To learn how this package works, follow the documentation (coming soon).

Contribution

To learn how to contribute to this repository, follow the contribution file.

License

To learn about the legal rights linked to this repository, follow the license file.

Example

This example was divided into sections to explain the main features of the package. In case of questions about a specific detail the package contains docstrings for all modules, classes, methods and functions.

Imports

The ipipeline package tries to keep things simple, therefore all the work is done through the pipeline interface imported as Pipeline and the execution interface imported as SequentialExecutor.

import logging

from ipipeline.control import SequentialExecutor
from ipipeline.structure import Pipeline


logging.basicConfig(
    format='[%(asctime)s] %(levelname)s %(name)s - %(message)s', 
    datefmt='%Y-%m-%d %H:%M:%S', 
    level=logging.INFO
)

Tasks

The functions below represent the user tasks that need to be executed in a certain order which forms a workflow with the following idea: data is extracted from somewhere, then transformed in two different ways and finally loaded to somewhere. Although this example only contains functions, the methods of an instance can also be used.

def extract() -> list:
    return [1, 2]


def transform1(x: int) -> int:
    return x + 1


def transform2(y: int) -> int:
    return y * 2


def load(x: int, y: int, z: int) -> None:
    print(f'loading - x: {x}, y: {y}, z: {z}')

Pipeline

A pipeline is the entry point for the user tasks, through it the nodes (tasks) and connections (relationships between tasks) added are represented as a graph (workflow). The graph is used by the executor and is not visible to the user.
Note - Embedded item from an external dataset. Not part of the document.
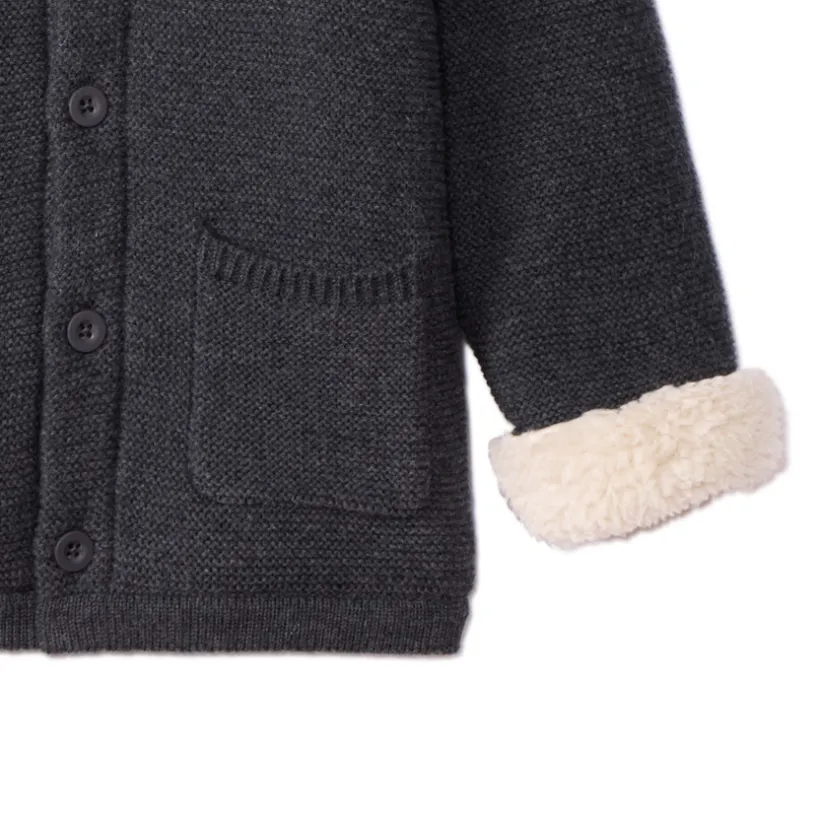 Gilet à capuche doublé sherpa avec oreilles ludiques pour bébé garçon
pipeline = Pipeline('p1', tags=['example'])
pipeline.add_node(
    'n1', extract, outputs=['x', 'y'], tags=['extract']
)
pipeline.add_node(
    'n2', transform1, inputs={'x': 'c.x'}, outputs=['x'], tags=['transform1']
)
pipeline.add_node(
    'n3', transform2, inputs={'y': 'c.y'}, outputs=['y'], tags=['transform2']
)
pipeline.add_node(
    'n4', load, inputs={'x': 'c.x', 'y': 'c.y', 'z': 8}, tags=['load']
)
pipeline.add_conn('c1', 'n1', 'n2')
pipeline.add_conn('c2', 'n1', 'n3')
pipeline.add_conn('c3', 'n2', 'n4')
pipeline.add_conn('c4', 'n3', 'n4')

Based on the workflow defined, the pipeline was built with four nodes and four connections. Two aspects deserve attention here, the inputs and outputs parameters of the add_node method.

The outputs parameter, when declared, indicates that during the pipeline execution, the function returns must be stored in the catalog with specific names. For example, the outputs parameter of the 'n1' node expects to store two items in the catalog with the names 'x' and 'y' which are obtained from the returns of the function.

The inputs parameter, when declared, indicates that during the pipeline execution, the function receives a dictionary with its arguments. For example, the inputs parameter of the 'n4' node expects to receive a dictionary where the 'x' and 'y' values are obtained from the catalog and the 'z' value is obtained directly. The 'c.' prefix assumes the existence of an item ('c.<item_id>') or a list of items ('c.[<item_id>, ..., <item_id>]') in the catalog stored by the predecessor nodes.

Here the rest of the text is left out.